Ecco, come in passato, nel cinema di Comodin il cortocircuito tra realtà e finzione è sempre molto fecondo. Diventa perciò quasi sterile parlare di lungometraggio di finzione, oppure di documentario, quando si segue Gigi in pattuglia. Del resto ci è bastato sentir parlare l’adorabile Pier Luigi Mecchia al Miela per renderci conto che la sua filosofia di vita è quella lì, che con quel timbro di voce inconfondibile non l’esprimerebbe poi così diversamente nel corso di una chiacchierata al bar, da come l’ha lasciata trasparire di fronte alla macchina da presa. Ma affinché questo avvenisse occorreva anche una piena consapevolezza del linguaggio cinematografico. E lo zio cineasta, che in questo è un piccolo Maestro, si è limitato a costruirgli intorno situazioni che tirassero fuori, con la massima naturalezza possibile, quel potenziale. Giocando poi con la macchina-cinema in maniera a volte estrema, provocatoria (la durata delle scene, le pause, i dialoghi che si avvitano su se stessi rendono palpale il sonnacchioso tran tran quotidiano della provincia), sempre però intelligente come pure profondamente rispettosa ed umana.

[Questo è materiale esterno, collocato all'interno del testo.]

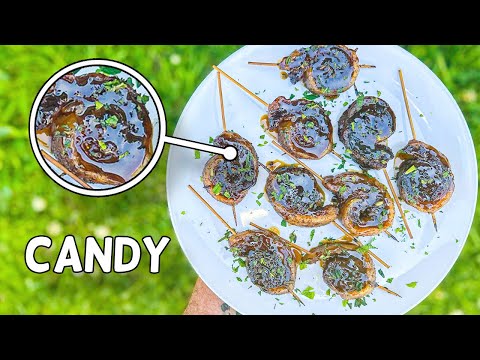 Lamb Lollipops by Schueys BBQ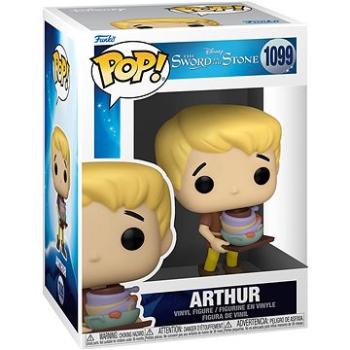 Funko POP! Disney SitS- Arthur (889698491532)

Questa dimestichezza si trasferisce indi altrettanto agevolmente alle possibili intersezioni di genere: complice la presenza scenica del protagonista, Gigi la legge è un film che conserva la sua identità pur accarezzando la commedia rosa, il road movie, il giallo alla Montalbano (vedi la nota perturbante del suicidio di una giovane sui binari, con annesso “MacGuffin” rappresentato dall’atteggiamento un po’ ambiguo dell’unico testimone, subito colto da Gigi e trasformato in personale ossessione). Al punto che nell’ulteriore azzardo stilistico incarnato dall’ennesima sequenza girata nella semi-oscurità, col sospettato che pare aggirarsi furtivo intorno alla casa del vigile, si colgono persino sfumature lynchane.

Se non mancano nemmeno elementi di ispirazione vagamente noir, per quanto inclini al grottesco, vi è da dire che è comunque una comicità situazionista, popolaresca nei modi e alla bisogna un po’ astratta, a prevalere negli incontri del protagonista con gli altri personaggi. Compresi i duetti alla ricetrasmittente con la nuova collega, Paola (deliziosamente in parte un’altra attrice non professionista, Ester Vergolini), da lui precocemente idealizzata fino alla comunque soave epifania della parte finale del film. Un epilogo, in ogni caso, che con la parentesi del TSO a una ragazza del posto e dei ricordi che riaffiorano in Gigi, conferisce di nuovo profondità e intensità al racconto.